▸ Directions: The reply should hold only the lines from the one with "Camarões assados com pimentão doce" to the one with "Шкатулка для украшений с зеркалом", both ends kept, exactly as they appear below, without any pictures.

▸ Input for this task:
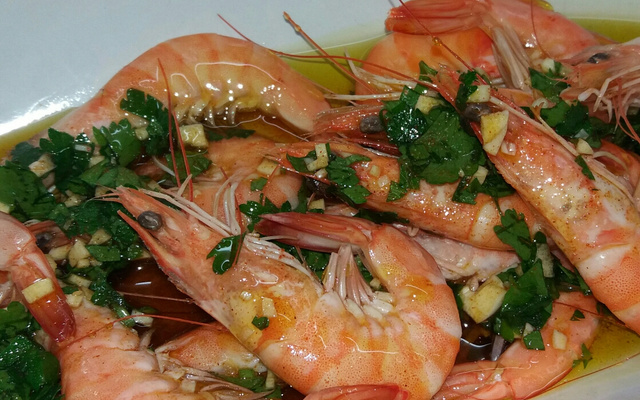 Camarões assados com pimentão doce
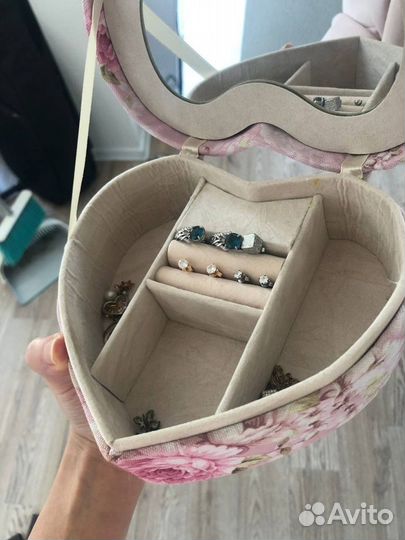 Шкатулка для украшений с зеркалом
* * *
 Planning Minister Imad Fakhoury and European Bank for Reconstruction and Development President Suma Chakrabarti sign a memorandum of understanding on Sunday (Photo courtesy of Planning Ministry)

▸ Result for this exercise:
 Camarões assados com pimentão doce
 Шкатулка для украшений с зеркалом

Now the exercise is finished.